Cela fait trois ans à présent depuis l’éclatement de la crise financière mondiale, et pendant ce temps l’Internationale Socialiste a placé le changement urgent dans la finance mondiale au cœur de son agenda. Le travail de différents organes de notre Internationale sur ces questions dans la période intervenante ont abordé les déséquilibres et les injustices qui existent dans le système actuel et ont proposé des réponses crédibles, fiables et qui font autorité faisant face à l’ordre économique de manière socialement responsable. Conformément à ces positions tenues de longue date, l’Internationale est aujourd’hui solidaire avec ceux participant à un mouvement inspiré par un honnête désir de faire une différence. Après des années pendant lesquelles les vertus supposées d’une société individualiste ont été proclamées par de nombreux gens, il est réconfortant d’assister au quotidien à la renaissance des idéaux désintéressés de coopération et d’humanité commune démontrés par ces activistes.

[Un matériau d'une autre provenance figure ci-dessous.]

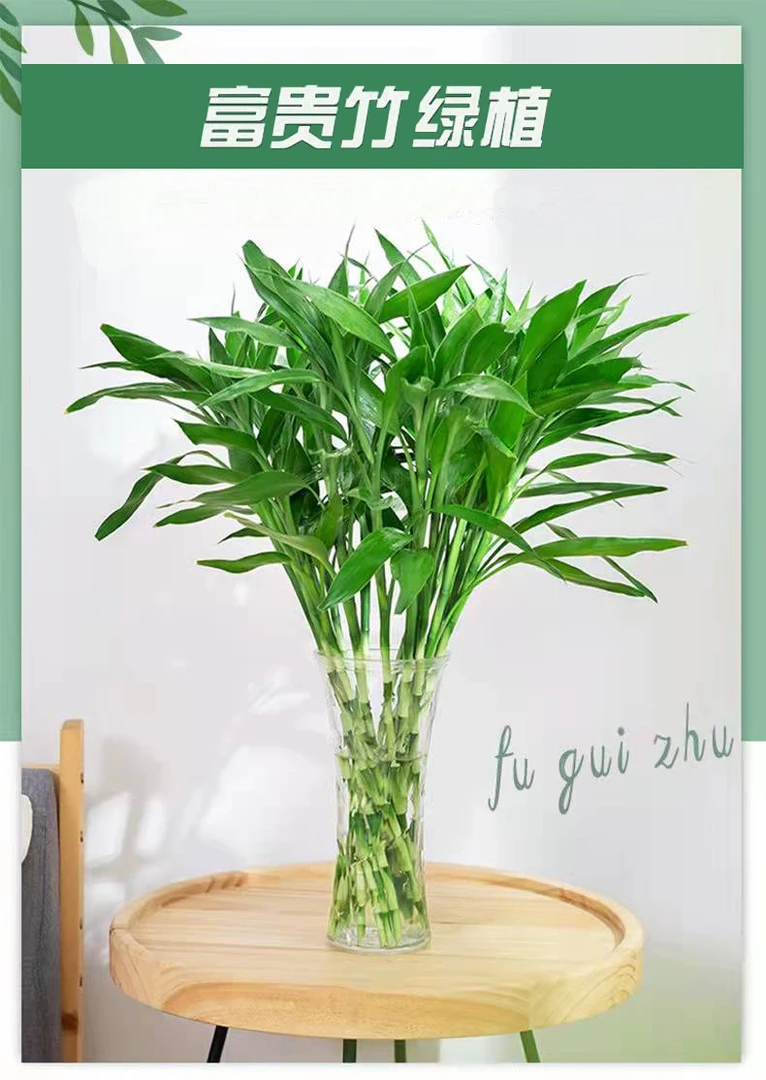 【拍一发十】富贵竹室内花卉植物新房吸除甲醛绿植水培好养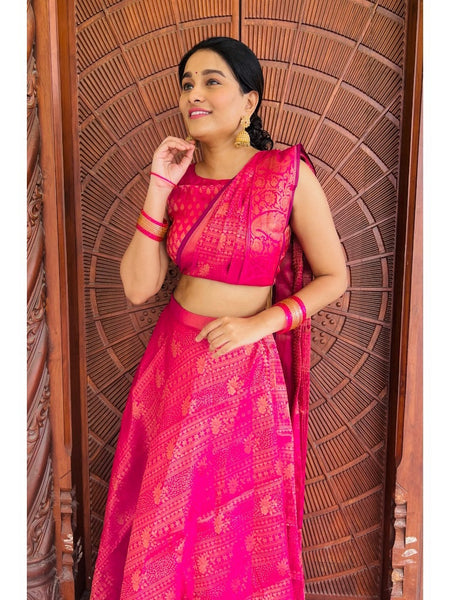 Banarazi Pre draped Saree Pink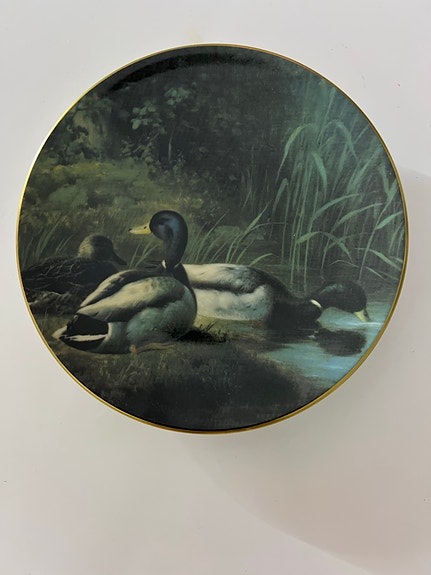 Arabian von Wright seinälautanen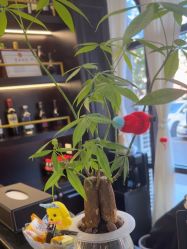 -豪帅男士理容馆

L’Internationale Socialiste réitère son appel aux dirigeants mondiaux de tenir compte des intérêts de la majorité en entreprenant des actions unifiées pour contrer ce qui est plus que jamais une crise mondiale, actions qui jusqu’à présent ont manquées, suite aux résultats décevants des sommets successifs du G20. Faire preuve d’un multilatéralisme coordonné par les gouvernements pour reconnaître qu’un avenir plus juste et prospère repose sur la lutte contre le court-termisme de ceux motivés par des profits et intérêts personnels, et adopter une vision plus durable de l’économie mondiale qui récompense la responsabilité et pas le risque serait un pas dans la bonne direction. Afin de faire cela, une action est nécessaire pour mettre en œuvre des initiatives telles que la taxe mondiale sur les transactions financières à laquelle l’IS a fait appel depuis un nombre d’années et qui générerait des recettes tout en réduisant la profitabilité des transactions les plus risquées et socialement inutiles.
Portant davantage atteinte est le rôle puissant des agences de notation, dans un temps où de nombreux gouvernements sont aux prises avec les conséquences d’une dette souveraine écrasante. Le fait que des administrations élues soient déstabilisées par des organismes qui n’ont pas de compte à rendre, est une menace pour les principes mêmes de la démocratie et l’influence de ces agences doit diminuer.
Notre mouvement mondial a constamment donné priorité à une reprise basée sur une croissance durable dans l’économie réelle et non pas à une bulle spéculatrice risquant de s’effondrer à tout moment. Avec une gouvernance meilleure et plus mondiale, une réforme des marchés et des institutions ainsi qu’une distribution plus équitable des ressources, nous pouvons recréer un système financier s’alignant en faveur des nombreux et non pas des peu, fournissant une plus grande sécurité, stabilité et justice sociale. Le défi est de transformer l’urgence, la détermination et la résolution de la rue en une action politique concrète. Accomplir ce défi doit être la tâche de notre Internationale aujourd’hui.